There is one thing I have never been able to completely digest about the certificates of problems in $coNP$ and I would very much appreciate a definitive clarification from this community.

Let's focus on the subset sum problem ($SUBSUM$), now we all know that this problem is in $NP$ since, to accept language membership, a Prover $P_v$ can emit a certificate which a verifier $V_r$ can check in polynomial time. Up to here no problem. The complement of this problem ($\overline{SUBSUM}$) is in $coNP$ which means that we do not know if there is a succinct (ie polynomial) certificate to decide the language. If such a certificate does not exist, then $NP \neq coNP$ and therefore $P \neq NP$. What I don't understand is this:

If I have (for example) a set $S$ of integers and the number $0$ as an input and I ask: Prove me that $\forall s \in S \space\space\lnot SUBSUM$, ie $\nexists$ a subset of $S$ such that the sum of its element give $0$ as a result (this is $\overline{SUBSUM}$, the complement of the subset problem).
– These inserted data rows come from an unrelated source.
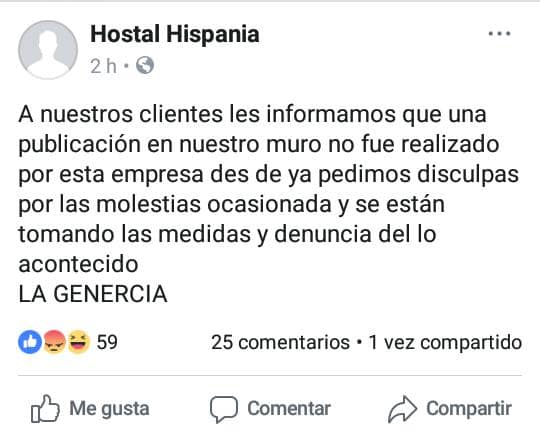 publicacion hispania 2 - Repudio a una publicación que reivindica la figura del dictador Videla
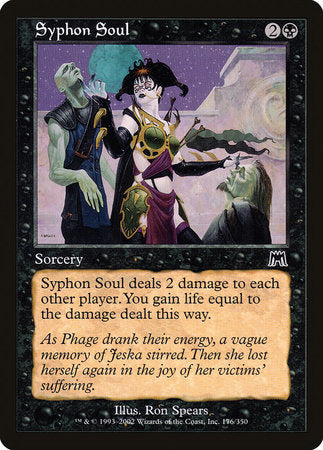 Syphon Soul [Onslaught] | Empire Gaming NC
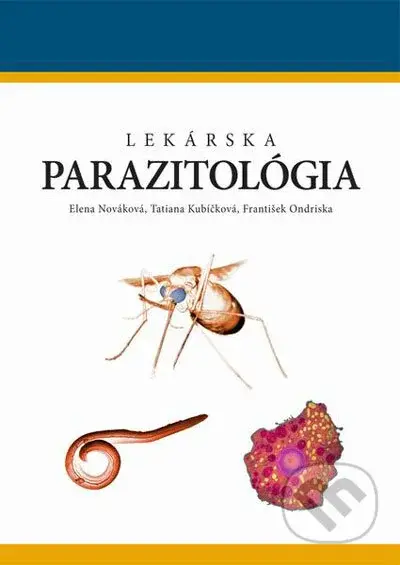Lekárska parazitológia - Elena Nováková a kol. - kniha z kategorie Medicína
How can a certificate exist for this problem whose verification is in $P$? I mean, i need to prove it for all the subset so the search space must be the powerset of $S$. If $|S|=n$ then $\mathcal{|P(S)|}=2^n$. So if the prover, for example, produce a $2^{n/3}$ certificate, this means that I systematically leave out $2^{ \frac{2}{3}n}$ subsets. What I don't completely understand and for which I need clarification is why this argument is not accepted as evidence that $NP$ is not closed under complement.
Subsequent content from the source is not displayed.